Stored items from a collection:
········

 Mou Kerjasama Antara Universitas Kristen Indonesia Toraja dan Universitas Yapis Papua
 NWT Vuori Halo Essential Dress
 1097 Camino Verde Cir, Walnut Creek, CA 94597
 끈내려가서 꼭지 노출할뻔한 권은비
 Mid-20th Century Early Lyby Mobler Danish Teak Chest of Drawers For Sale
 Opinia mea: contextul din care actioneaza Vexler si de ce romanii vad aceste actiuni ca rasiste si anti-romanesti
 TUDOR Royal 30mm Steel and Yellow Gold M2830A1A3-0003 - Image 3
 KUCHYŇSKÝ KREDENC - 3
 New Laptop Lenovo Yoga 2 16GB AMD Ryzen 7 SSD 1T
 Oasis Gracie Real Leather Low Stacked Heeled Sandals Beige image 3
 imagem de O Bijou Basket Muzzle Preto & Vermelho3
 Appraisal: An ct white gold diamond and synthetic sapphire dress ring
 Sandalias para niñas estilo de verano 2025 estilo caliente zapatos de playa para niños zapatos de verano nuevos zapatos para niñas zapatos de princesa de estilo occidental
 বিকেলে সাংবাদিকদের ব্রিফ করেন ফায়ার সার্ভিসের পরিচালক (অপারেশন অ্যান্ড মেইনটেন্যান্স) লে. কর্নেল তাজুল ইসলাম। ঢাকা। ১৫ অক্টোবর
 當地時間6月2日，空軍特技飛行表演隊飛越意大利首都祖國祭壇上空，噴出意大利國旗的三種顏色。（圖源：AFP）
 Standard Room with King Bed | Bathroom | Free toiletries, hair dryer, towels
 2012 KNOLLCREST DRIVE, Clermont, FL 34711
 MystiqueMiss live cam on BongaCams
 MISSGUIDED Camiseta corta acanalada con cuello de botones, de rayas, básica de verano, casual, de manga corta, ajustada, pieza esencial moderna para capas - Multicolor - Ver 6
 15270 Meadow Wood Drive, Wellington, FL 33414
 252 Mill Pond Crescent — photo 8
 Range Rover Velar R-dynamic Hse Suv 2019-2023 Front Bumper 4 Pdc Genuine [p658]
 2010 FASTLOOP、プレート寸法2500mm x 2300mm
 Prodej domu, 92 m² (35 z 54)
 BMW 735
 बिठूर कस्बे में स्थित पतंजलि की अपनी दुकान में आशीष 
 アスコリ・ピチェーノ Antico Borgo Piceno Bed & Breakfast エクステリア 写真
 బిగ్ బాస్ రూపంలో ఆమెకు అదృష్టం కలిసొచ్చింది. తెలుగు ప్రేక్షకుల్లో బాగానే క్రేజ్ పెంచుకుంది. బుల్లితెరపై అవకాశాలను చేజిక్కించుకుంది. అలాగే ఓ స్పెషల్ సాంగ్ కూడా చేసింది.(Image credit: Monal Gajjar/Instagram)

········

- Task statement
Each line in the data that holds the string "para" should be found and copied.

- Response to this task
 Sandalias para niñas estilo de verano 2025 estilo caliente zapatos de playa para niños zapatos de verano nuevos zapatos para niñas zapatos de princesa de estilo occidental
 MISSGUIDED Camiseta corta acanalada con cuello de botones, de rayas, básica de verano, casual, de manga corta, ajustada, pieza esencial moderna para capas - Multicolor - Ver 6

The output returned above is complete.